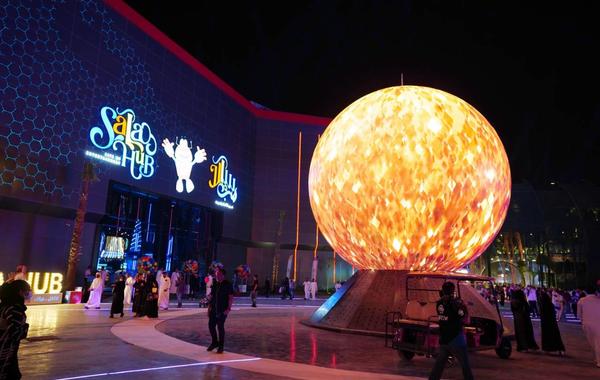 سالا هب أكبر صالة ألعاب مغلقة - الصورة من موقع موسم الرياض 2021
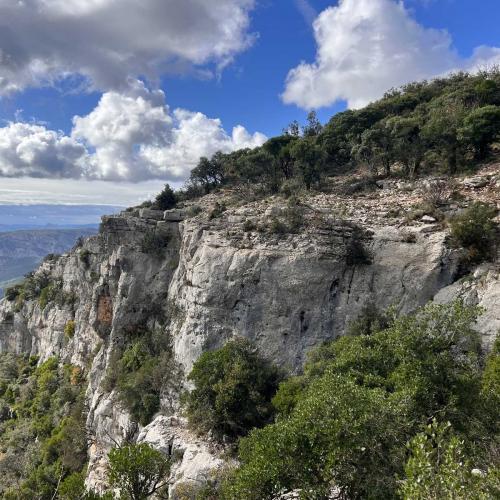 Occitanie Rando Trekking Saint Guilhem Roc Vigne 73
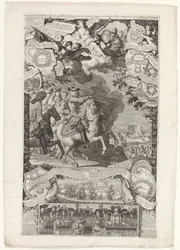 Victory of the Allies Over the French and Spanish, 1702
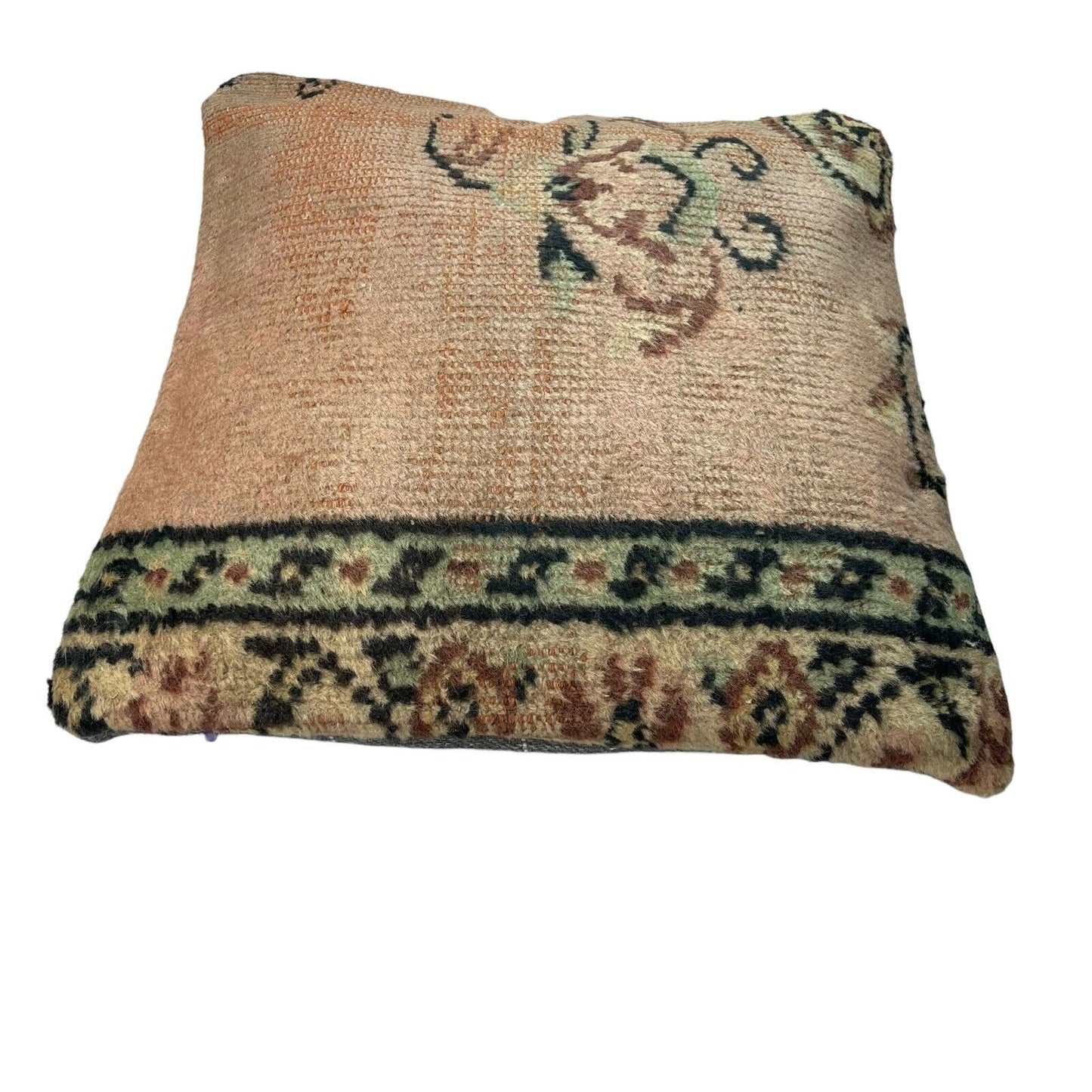 45 x 45 cm  , Vintage Turkish Cushion Cover ,  Vintage Handgemachte Kissenbezug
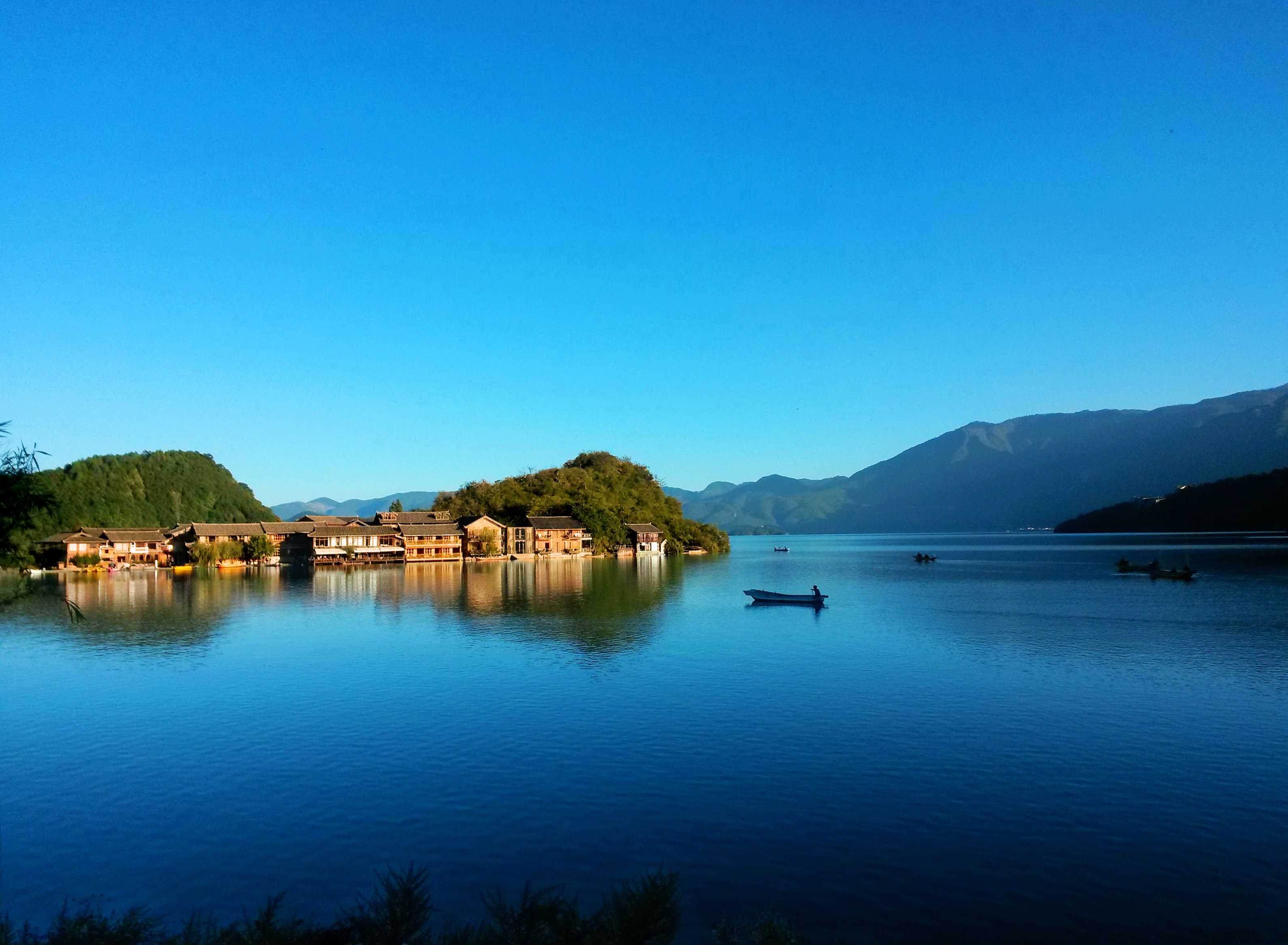遥远的风景●泸沽湖之恋 - 风景摄影- 东论 东方热线·东方论坛——最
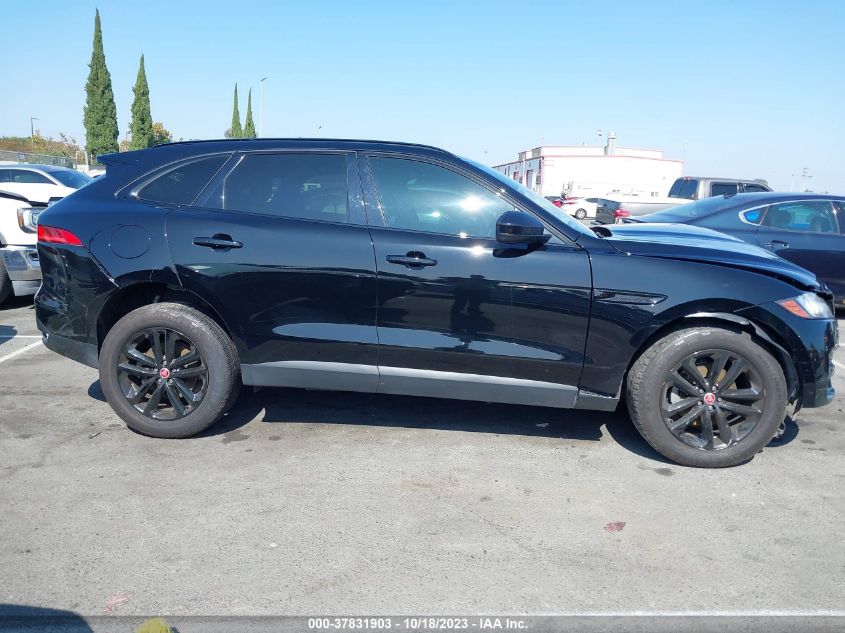 VIN SADCJ2FX3LA658103 Jaguar F-Pace 25T PREMIUM 2020 13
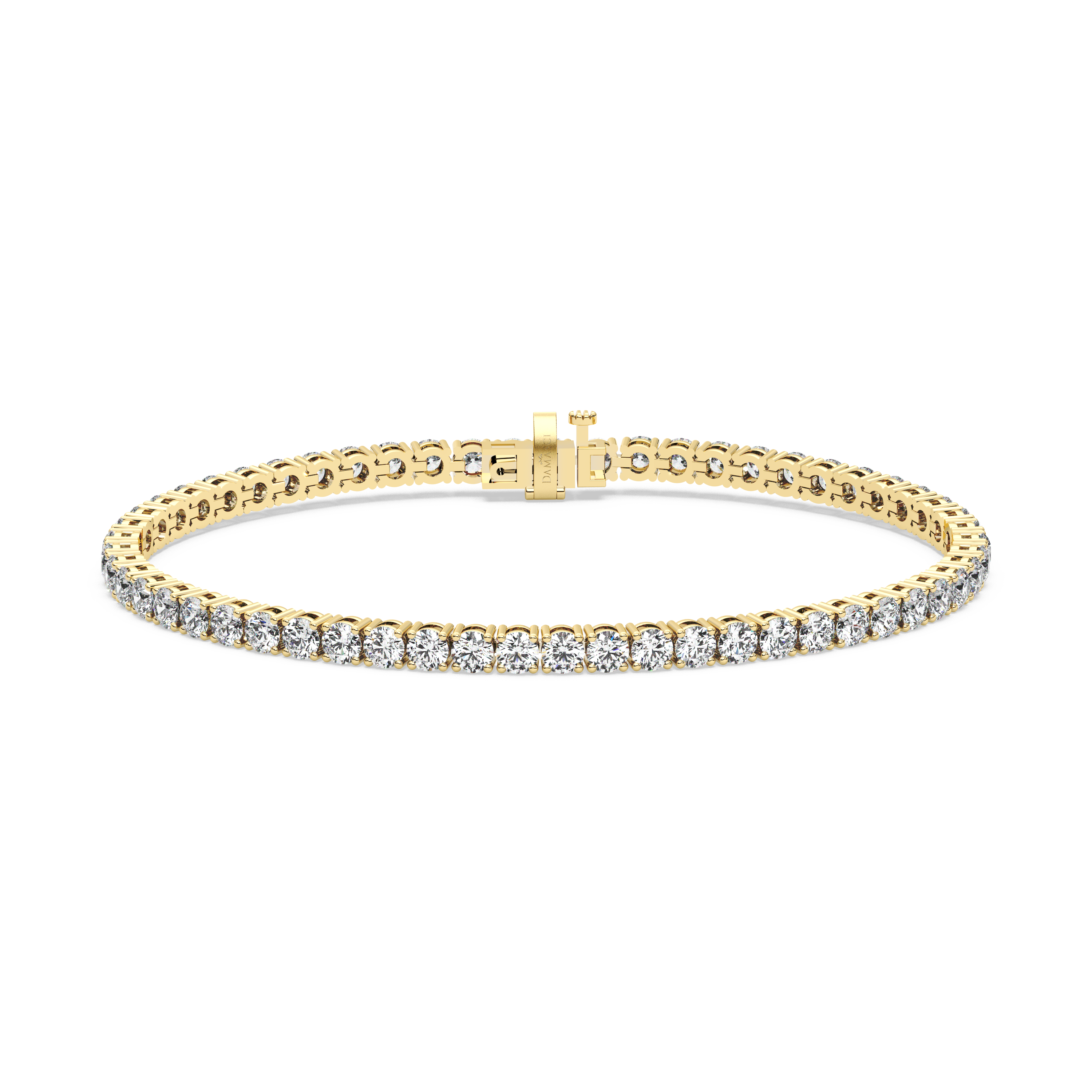 4-prong Diamond Tennis Bracelet (4.602 TCW)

○ ○ ○ ○ ○

REQUIREMENT = Please give an exact printout of all the records, pictures aside.

RESPONSE TO THE EXERCISE =
 سالا هب أكبر صالة ألعاب مغلقة - الصورة من موقع موسم الرياض 2021
 Occitanie Rando Trekking Saint Guilhem Roc Vigne 73
 Victory of the Allies Over the French and Spanish, 1702
 45 x 45 cm  , Vintage Turkish Cushion Cover ,  Vintage Handgemachte Kissenbezug
遥远的风景●泸沽湖之恋 - 风景摄影- 东论 东方热线·东方论坛——最
 VIN SADCJ2FX3LA658103 Jaguar F-Pace 25T PREMIUM 2020 13
 4-prong Diamond Tennis Bracelet (4.602 TCW)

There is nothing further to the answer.